◆ Exercise description:
All records are to be restated word for word, with pictures excluded.

** Records for the exercise follows **

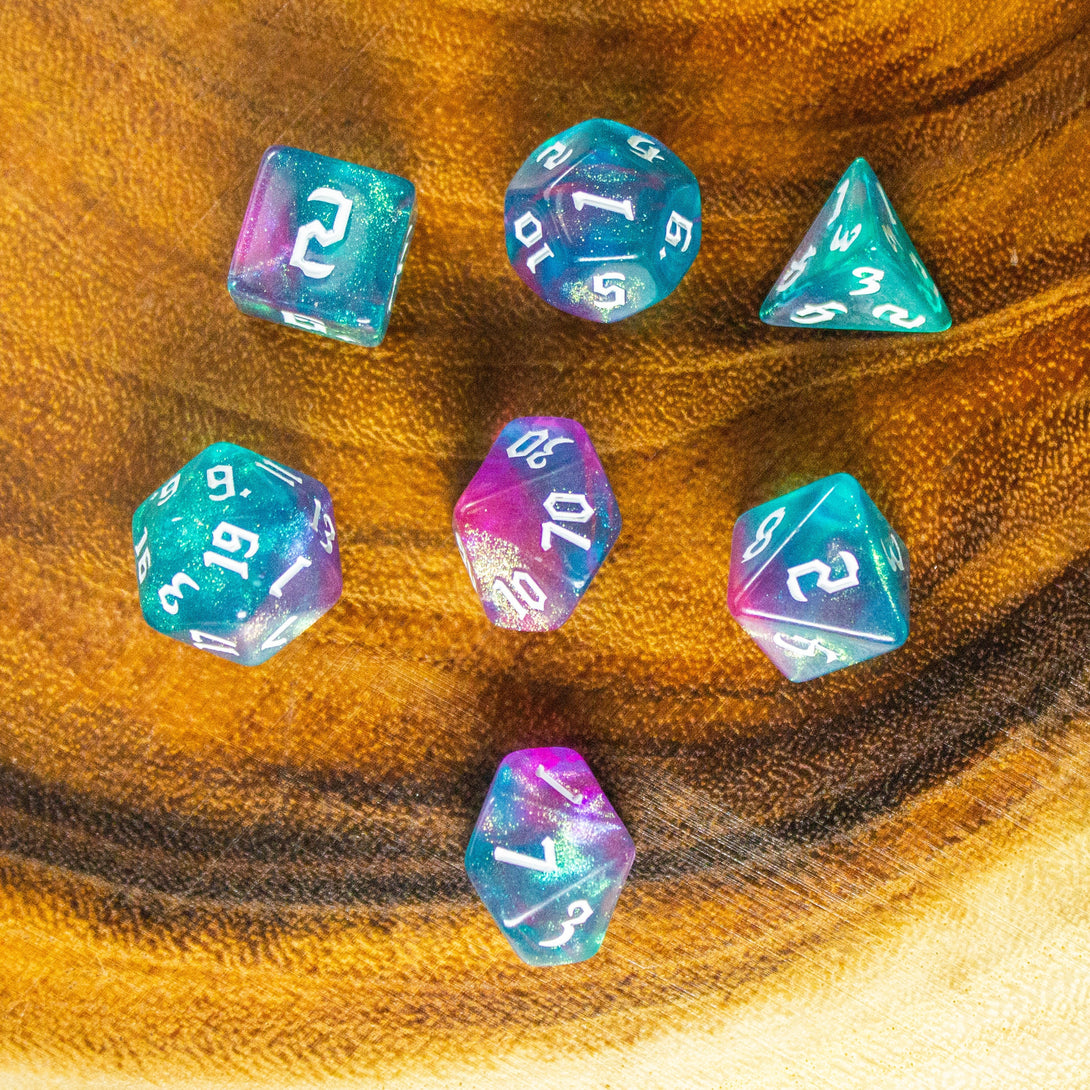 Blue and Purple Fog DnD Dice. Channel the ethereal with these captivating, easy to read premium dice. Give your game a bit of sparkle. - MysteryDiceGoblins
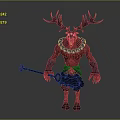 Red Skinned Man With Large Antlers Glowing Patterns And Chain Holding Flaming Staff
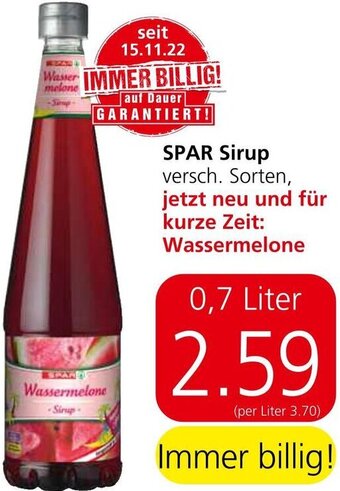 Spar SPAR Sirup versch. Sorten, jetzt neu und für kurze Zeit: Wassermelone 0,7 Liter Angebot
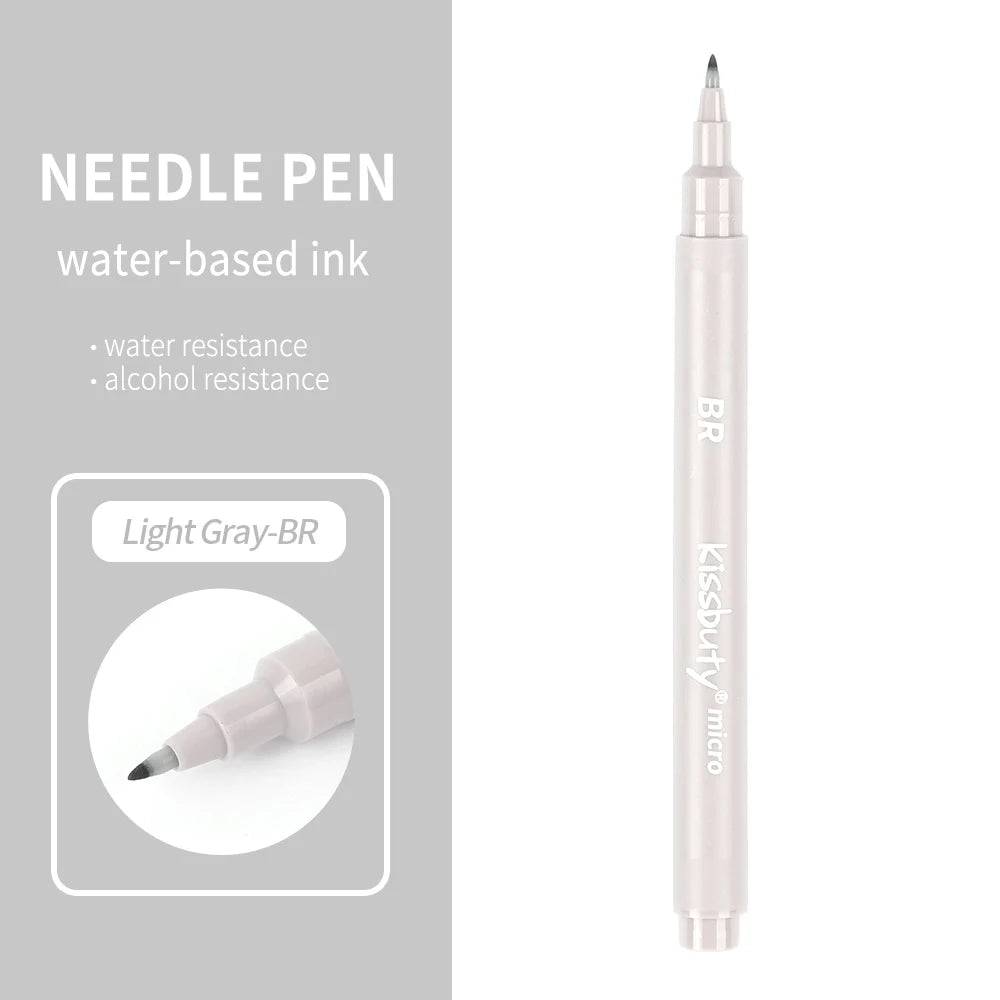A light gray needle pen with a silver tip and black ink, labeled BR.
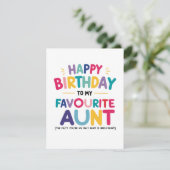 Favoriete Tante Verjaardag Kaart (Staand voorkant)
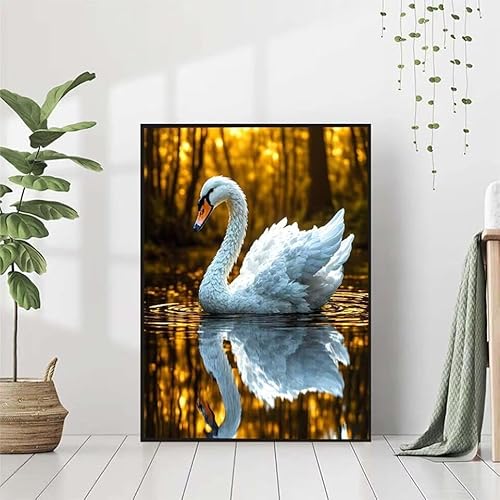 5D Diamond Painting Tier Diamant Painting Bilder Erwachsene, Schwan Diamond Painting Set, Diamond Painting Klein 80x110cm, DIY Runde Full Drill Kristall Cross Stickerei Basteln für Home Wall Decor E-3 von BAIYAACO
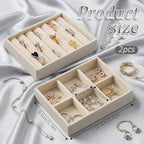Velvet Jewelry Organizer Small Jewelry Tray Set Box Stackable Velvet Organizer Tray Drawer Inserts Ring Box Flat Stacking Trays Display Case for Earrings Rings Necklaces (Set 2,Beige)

** End of Records for the exercise **

◆ Result of this exercise:
 Blue and Purple Fog DnD Dice. Channel the ethereal with these captivating, easy to read premium dice. Give your game a bit of sparkle. - MysteryDiceGoblins
 Red Skinned Man With Large Antlers Glowing Patterns And Chain Holding Flaming Staff
 Spar SPAR Sirup versch. Sorten, jetzt neu und für kurze Zeit: Wassermelone 0,7 Liter Angebot
A light gray needle pen with a silver tip and black ink, labeled BR.
 Favoriete Tante Verjaardag Kaart (Staand voorkant)
 5D Diamond Painting Tier Diamant Painting Bilder Erwachsene, Schwan Diamond Painting Set, Diamond Painting Klein 80x110cm, DIY Runde Full Drill Kristall Cross Stickerei Basteln für Home Wall Decor E-3 von BAIYAACO
Velvet Jewelry Organizer Small Jewelry Tray Set Box Stackable Velvet Organizer Tray Drawer Inserts Ring Box Flat Stacking Trays Display Case for Earrings Rings Necklaces (Set 2,Beige)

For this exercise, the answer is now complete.